Eugene Braunwald, ‘Icon’ of Modern Cardiology, Dies at 96

Eugene Braunwald, ‘Icon’ of Modern Cardiology, Dies at 96
Photo credit: Mass General Brigham

Eugene Braunwald, MD, who fled the Holocaust as a boy to become one of the most influential figures in cardiovascular medicine, died yesterday. He was 96.

Braunwald’s death was confirmed by Mass General Brigham, parent organization of Brigham and Women’s Hospital (Boston, MA), where he most recently held the title of Chief Academic Officer. 

From his groundbreaking discovery that heart attacks are progressive events that can be stymied by quick intervention to his countless pivotal studies and textbooks published throughout his career, Braunwald leaves behind a legacy that will affect patients and practitioners alike worldwide.

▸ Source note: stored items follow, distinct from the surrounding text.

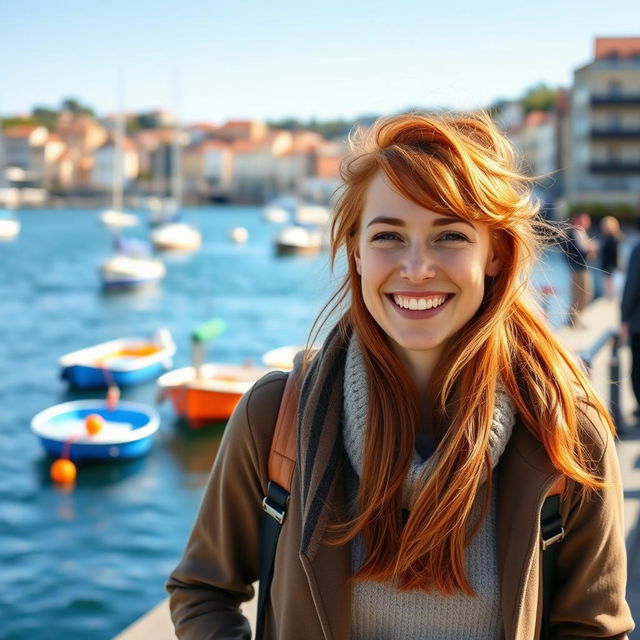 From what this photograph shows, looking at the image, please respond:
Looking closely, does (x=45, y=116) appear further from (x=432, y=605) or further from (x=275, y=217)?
(x=432, y=605)

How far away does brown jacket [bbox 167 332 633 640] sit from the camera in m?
1.56

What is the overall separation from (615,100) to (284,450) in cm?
5796

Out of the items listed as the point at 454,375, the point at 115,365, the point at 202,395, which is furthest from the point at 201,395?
the point at 454,375

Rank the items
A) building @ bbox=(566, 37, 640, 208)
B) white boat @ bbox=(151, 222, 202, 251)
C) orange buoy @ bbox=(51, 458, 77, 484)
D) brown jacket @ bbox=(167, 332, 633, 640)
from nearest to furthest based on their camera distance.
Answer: brown jacket @ bbox=(167, 332, 633, 640), orange buoy @ bbox=(51, 458, 77, 484), white boat @ bbox=(151, 222, 202, 251), building @ bbox=(566, 37, 640, 208)

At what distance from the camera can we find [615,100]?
5541cm

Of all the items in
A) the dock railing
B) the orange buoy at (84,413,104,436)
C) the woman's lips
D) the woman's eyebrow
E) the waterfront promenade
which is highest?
the woman's eyebrow

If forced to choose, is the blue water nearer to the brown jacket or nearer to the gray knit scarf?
the gray knit scarf

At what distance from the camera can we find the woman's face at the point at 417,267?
1616 mm

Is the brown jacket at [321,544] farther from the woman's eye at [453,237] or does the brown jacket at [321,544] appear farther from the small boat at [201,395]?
the small boat at [201,395]

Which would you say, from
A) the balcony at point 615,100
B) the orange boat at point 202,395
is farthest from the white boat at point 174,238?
the orange boat at point 202,395

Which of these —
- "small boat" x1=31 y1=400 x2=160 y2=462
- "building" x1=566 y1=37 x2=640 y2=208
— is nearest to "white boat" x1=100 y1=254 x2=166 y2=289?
"small boat" x1=31 y1=400 x2=160 y2=462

“Braunwald came along just as [the field of cardiology] was getting active” said Thomas Lee, MD (Brigham and Women’s Hospital, Boston, MA, and Press Ganey), who wrote Braunwald’s biography, Eugene Braunwald and the Rise of Modern Medicine, in 2013. “The change was going to happen—and Braunwald was part of that, of course—but he rode the wave, he accelerated the wave as we went from being passive to active, and he did it with incredible effectiveness and brilliance.”

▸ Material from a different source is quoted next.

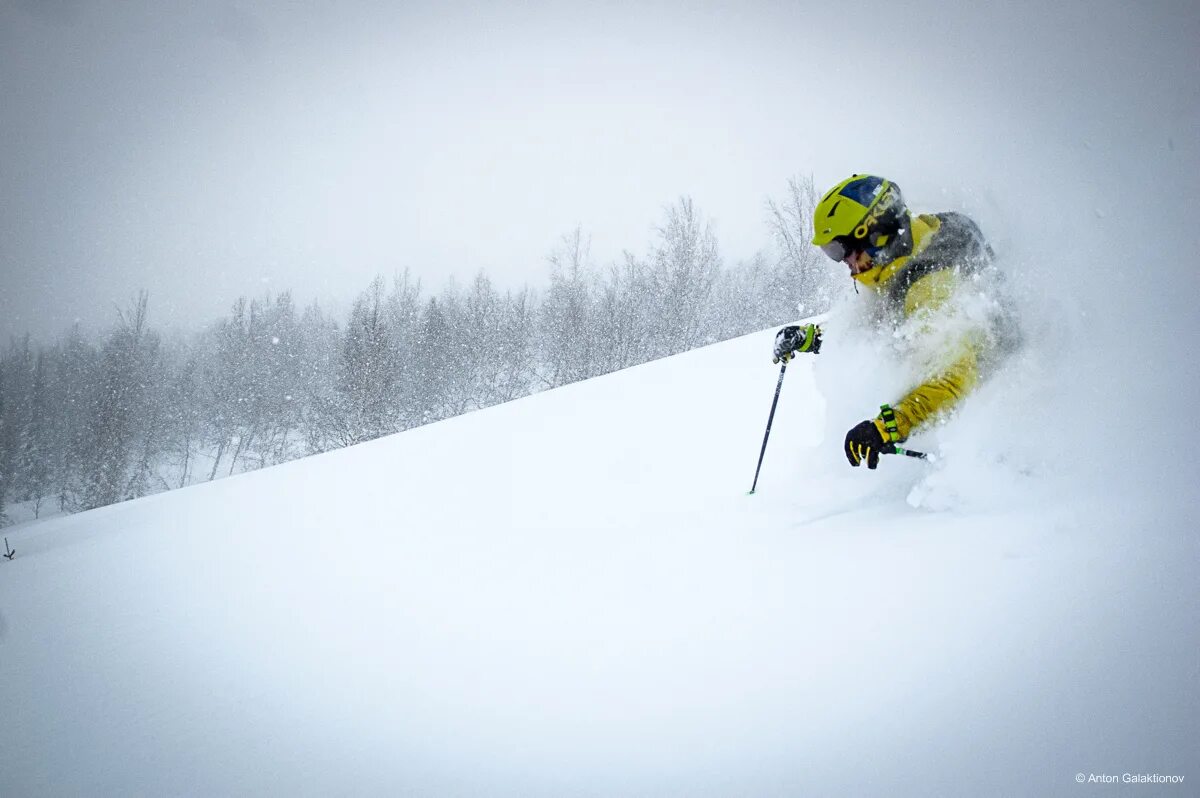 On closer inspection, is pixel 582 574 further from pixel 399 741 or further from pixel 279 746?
pixel 279 746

One of the biggest lessons Braunwald taught Lee was what it meant to make a contribution. “He epitomized what excellence really meant,” Lee said. “It was something more than writing a lot of papers and getting a lot of grant funding. What he taught us and the people who trained with him is to focus on a problem and never let go of that problem and keep coming at it from every angle. . . . It’s a path to being more resilient and gritty and to having a good career as opposed to just a good job.

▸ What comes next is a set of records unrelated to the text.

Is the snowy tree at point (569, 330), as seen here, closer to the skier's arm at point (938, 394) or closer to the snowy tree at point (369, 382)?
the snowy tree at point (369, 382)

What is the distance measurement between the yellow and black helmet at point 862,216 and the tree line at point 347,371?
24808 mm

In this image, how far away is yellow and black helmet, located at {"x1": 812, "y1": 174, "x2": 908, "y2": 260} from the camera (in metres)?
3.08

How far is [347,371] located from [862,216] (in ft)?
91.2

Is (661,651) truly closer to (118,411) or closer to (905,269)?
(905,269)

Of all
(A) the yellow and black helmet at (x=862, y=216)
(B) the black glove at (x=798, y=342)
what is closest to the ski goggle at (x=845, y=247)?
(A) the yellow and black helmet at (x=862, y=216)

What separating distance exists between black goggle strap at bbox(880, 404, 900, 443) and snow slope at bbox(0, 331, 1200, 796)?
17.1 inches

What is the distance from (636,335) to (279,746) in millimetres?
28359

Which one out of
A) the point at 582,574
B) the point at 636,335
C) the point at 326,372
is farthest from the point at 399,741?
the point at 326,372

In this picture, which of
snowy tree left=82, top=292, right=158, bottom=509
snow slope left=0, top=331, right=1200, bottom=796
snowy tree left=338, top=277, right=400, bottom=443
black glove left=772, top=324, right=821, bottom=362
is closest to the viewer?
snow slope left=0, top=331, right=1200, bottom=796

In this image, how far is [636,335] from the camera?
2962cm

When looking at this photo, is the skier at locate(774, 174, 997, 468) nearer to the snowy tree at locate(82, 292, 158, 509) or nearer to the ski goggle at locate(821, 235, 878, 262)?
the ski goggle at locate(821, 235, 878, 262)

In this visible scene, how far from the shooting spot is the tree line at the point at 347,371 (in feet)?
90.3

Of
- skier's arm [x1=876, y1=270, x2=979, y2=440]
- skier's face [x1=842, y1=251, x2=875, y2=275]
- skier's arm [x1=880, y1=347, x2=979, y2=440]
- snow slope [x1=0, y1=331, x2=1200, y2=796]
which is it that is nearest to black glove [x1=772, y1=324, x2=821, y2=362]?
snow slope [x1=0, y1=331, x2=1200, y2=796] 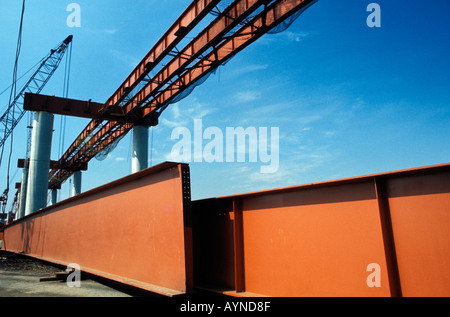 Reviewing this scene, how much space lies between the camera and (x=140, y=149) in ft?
64.8

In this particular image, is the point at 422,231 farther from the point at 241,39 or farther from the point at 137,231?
the point at 241,39

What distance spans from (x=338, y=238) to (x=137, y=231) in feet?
12.5

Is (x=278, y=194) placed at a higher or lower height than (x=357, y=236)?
higher

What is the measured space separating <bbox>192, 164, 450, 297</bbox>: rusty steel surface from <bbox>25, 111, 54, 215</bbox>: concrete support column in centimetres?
1786

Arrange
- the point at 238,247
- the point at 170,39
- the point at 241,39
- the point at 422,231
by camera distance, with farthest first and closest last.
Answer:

Victor Dzau, MD (National Academy of Medicine, Washington, DC), who served as chief resident under Braunwald and eventually went on to succeed him as Hersey Distinguished Professor of the Theory and Practice of Physic at Harvard Medical School, remembered his mentor with great respect. 

“He’s a giant and he’s an icon, and he’s left a gaping hole in medicine and humanity,” Dzau told TCTMD. “Much of Dr. Braunwald’s teaching, his mentoring, has enabled me to do what I’ve been able to do.”

Marc Sabatine, MD, MPH (Brigham and Women’s Hospital), current chair of the Thrombolysis in Myocardial Infarction (TIMI) Study Group, called Braunwald a “treasured mentor and good friend.” He told TCTMD: “While he touched many lives, we at TIMI were truly blessed to directly work with and learn from him over decades. There could be no greater gift. We will deeply miss him but gain some comfort in knowing that we will carry forward his legacy and continue his lifelong mission to advance cardiovascular care.”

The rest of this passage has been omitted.